This November 2 states voted to make the recreational use of Marijuana legal. Colorado and Washington State voters cast their ballots on November 2, 2012 permitting legal Marijuana use by their citizens. Governor Hikenlooper was not in favor of the measure, but did not have any veto power to stop it. According to a story by Fox News he approved the measure by executive order on December 10 because he believed he should not overrule the wishes of the people.
State Marijuana Laws At Odds With Federal Drug Laws
Both Colorado and Washington still need to work out Marijuana use regulations which will be written next year. Adults over the age of 21 will be allowed to have up to an ounce of Marijuana or six plants but the public use and sale of it is still illegal. Although these two states are allowing the recreational use of Marijuana, they are at odds with Federal law which prohibits Marijuana possession and use.
There has been a lot of speculation on what the outcome will be if Colorado and Washington continue to allow pot use while the Federal government outlaws it. This has also brought up a lot of debate on how Marijuana affects driving. Even though recreational pot use will be allowed, it is still a crime to use drugs and/or alcohol and drive and this includes marijuana. The states are going to have to figure out how they are going to regulate the amount of pot in a person that will cause impairment that is comparable to the amount of alcohol that constitutes driving impaired.

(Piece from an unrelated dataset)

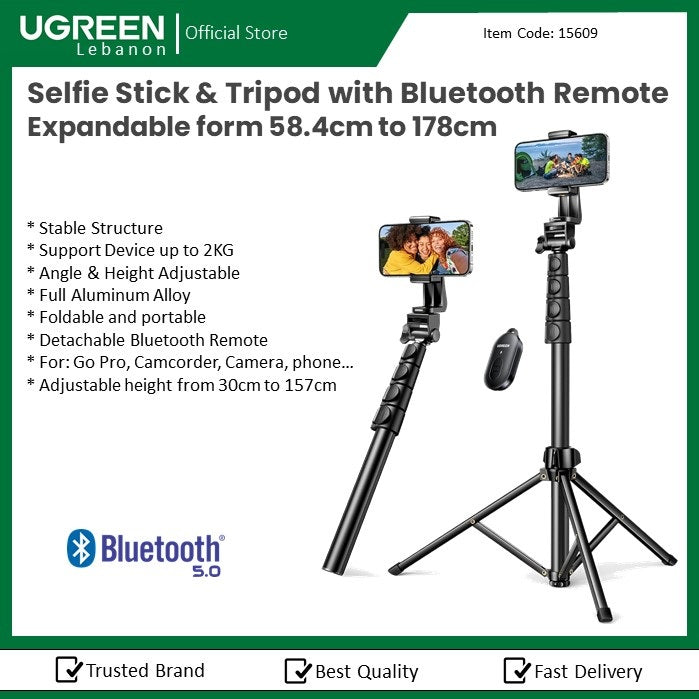 Ugreen, Dual Function Selfie Stick & Tripod With Bluetooth Remote, Expandable Form 58.4Cm To 178Cm Ugreen Lp680 - 15609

Some proponents for safe driving believe that even people who smoke regular cigarettes should not be allowed to smoke and drive because it is just another distraction on the same level as electronic devices like cell phones. Add Marijuana to the mix and they believe distracted driving accidents may increase dramatically.
Determining Marijuana Impairment While Driving Might be Hard to Prove
Police have years of experience with drunk drivers and they are aided by being able to administer a breathalyzer test to determine the amount of alcohol in a person's bloodstream. With marijuana there is no easy way to determine how much of the mood altering drug is in their system and no regulations as of yet which sets an amount as being over-the-limit. In addition, one blood test for marijuana checks for the presence of the chemical THC. This chemical in marijuana gets stored in a persons body fat for weeks after use and would indicate that a person had used marijuana, but not when such as just before driving.